Liz Gannes

Recent Posts by Liz Gannes

Joyride Wants to Liven Up Driving With an In-Car Game Platform (Video)

Whether it’s a commute or a road trip, when we’re driving a car, we’re confined in an isolated bubble — and hopefully we stop messing with our smartphones and keep our eyes on the road, for everyone’s safety.

But what’s the fun in that? “Driving is boring,” according Jeff Chen, co-founder and CEO of Joyride. So he’s building a set of voice-activated mobile games to help pass the time.

Chen insisted that playing games while driving is no less safe than listening to the radio or talking on a headset.

Joyride built a demo Android trivia application that it plans to release in a couple months. In the video below, you can watch me and Chen play the game via a phone plugged into an audio jack, as he drives us around San Francisco. We’re competing against another alpha tester on the platform, though not necessarily at the exact same time (Chen calls this “fake-synchronous” gaming, a la SongPop for Facebook).

Truth be told, I didn’t feel unsafe while we played, but I did think I was pretty terrible at answering trivia questions while interviewing and filming and half-worrying about the road all at the same time. It was also awkwardly difficult to get the program’s attention to give it an answer. But it’s just a prerelease test version, for now.

So why pay attention to an app that’s not even out yet? Chen and his co-founders are good at making apps that lots of people use — their self-funded voice-activated media app Skyvi has been downloaded more than five million times for Android, and their viral Facebook apps startup CLZ Concepts was acquired by Zynga.

This time around, Joyride has a team of four people, with $1 million in backing from Freestyle Capital, Cowboy Ventures, Seth Goldstein and Rob Goldman.

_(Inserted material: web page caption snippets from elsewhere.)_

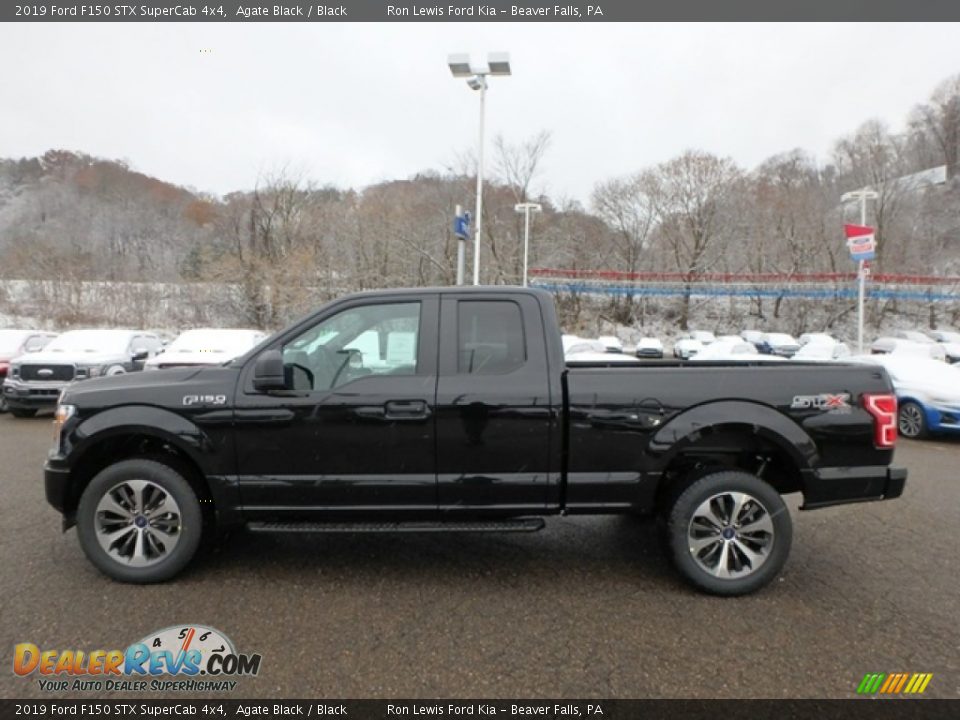 Agate Black 2019 Ford F150 STX SuperCab 4x4 Photo #5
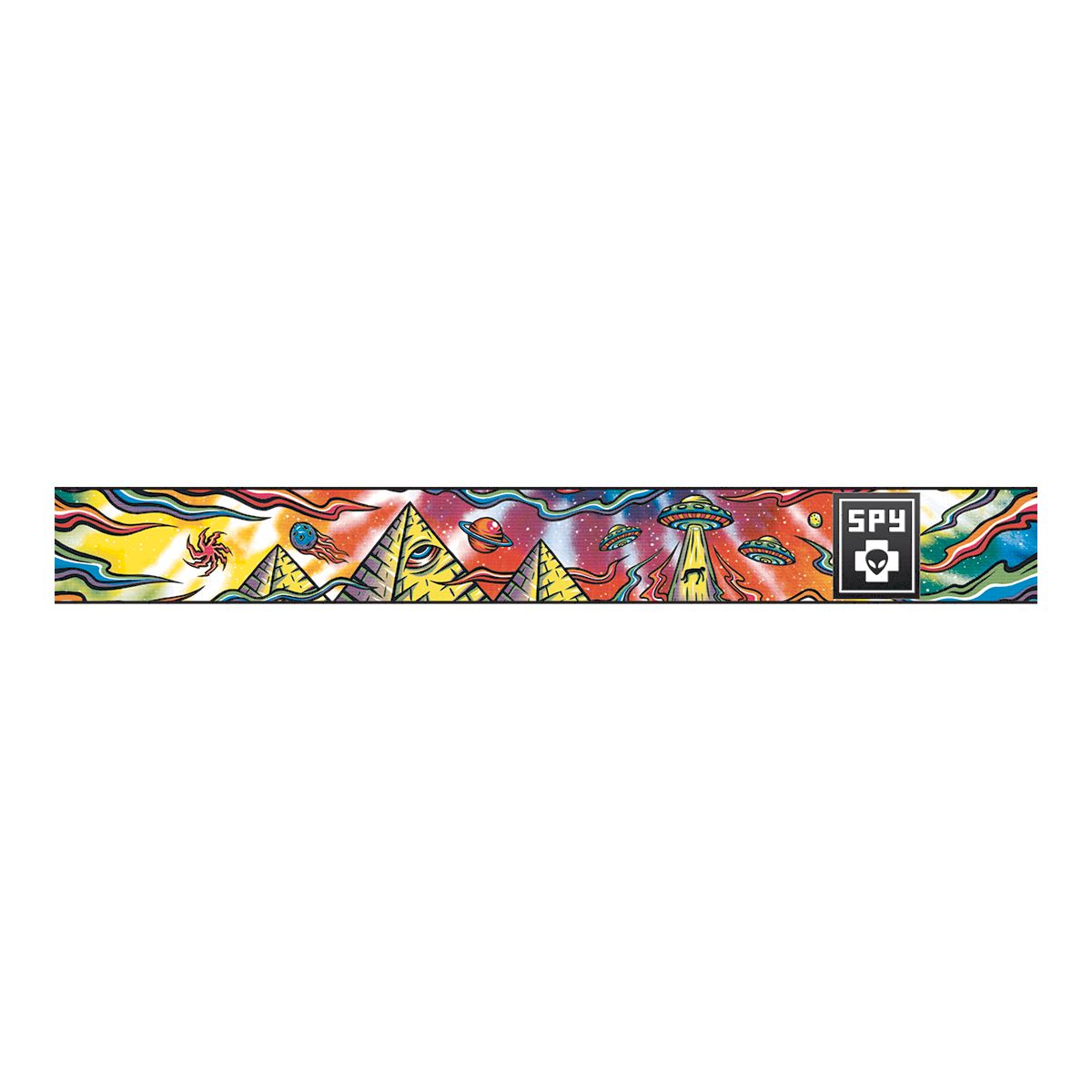 Spy Ace Cosmic Attack Ski & Snowboard Goggles 2021/22 Bronze with Red Spectra Mirror Lens CloseUp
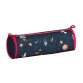Quo Vadis - Trousse scolaire - Ronde - Cosmos - 23x8x8 cm - Toile (polyester) - 1 compartiment(s) -  par 8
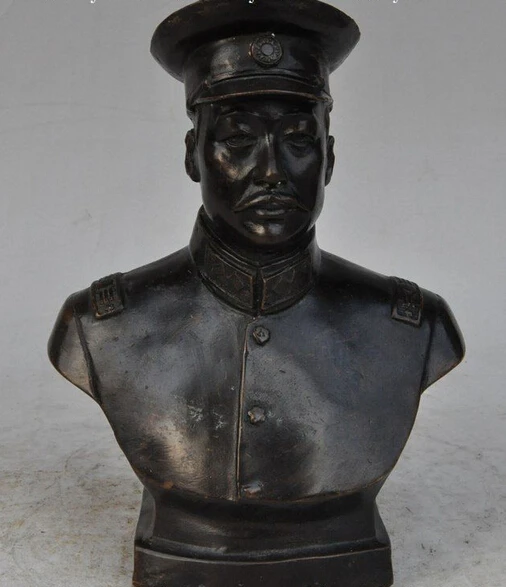 

shitou 002209 china bronze National Revolutionary Army Generals Li Lieh-chun head bust statue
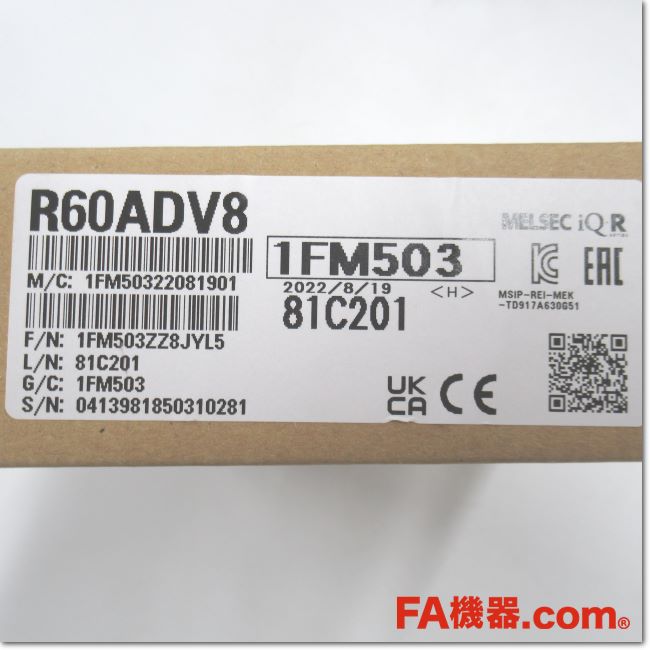 FA機器ドットコム /R60ADV8 アナログ-デジタル変換ユニット (三菱電機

The company ultimately sees itself as a voice-activated driving phone app platform, Chen said, with other people using Joyride to build hands-free apps and help people access entertainment content. That would bring it into competition with automakers like Ford and GM, who are aggressively courting developers for their in-car platforms.

Though Joyride is far from a polished experience today, Chen said he’s confident that a nimble startup that’s building for phones — so it will work in any car — can compete with slow-moving car companies that are locked in their own vehicles.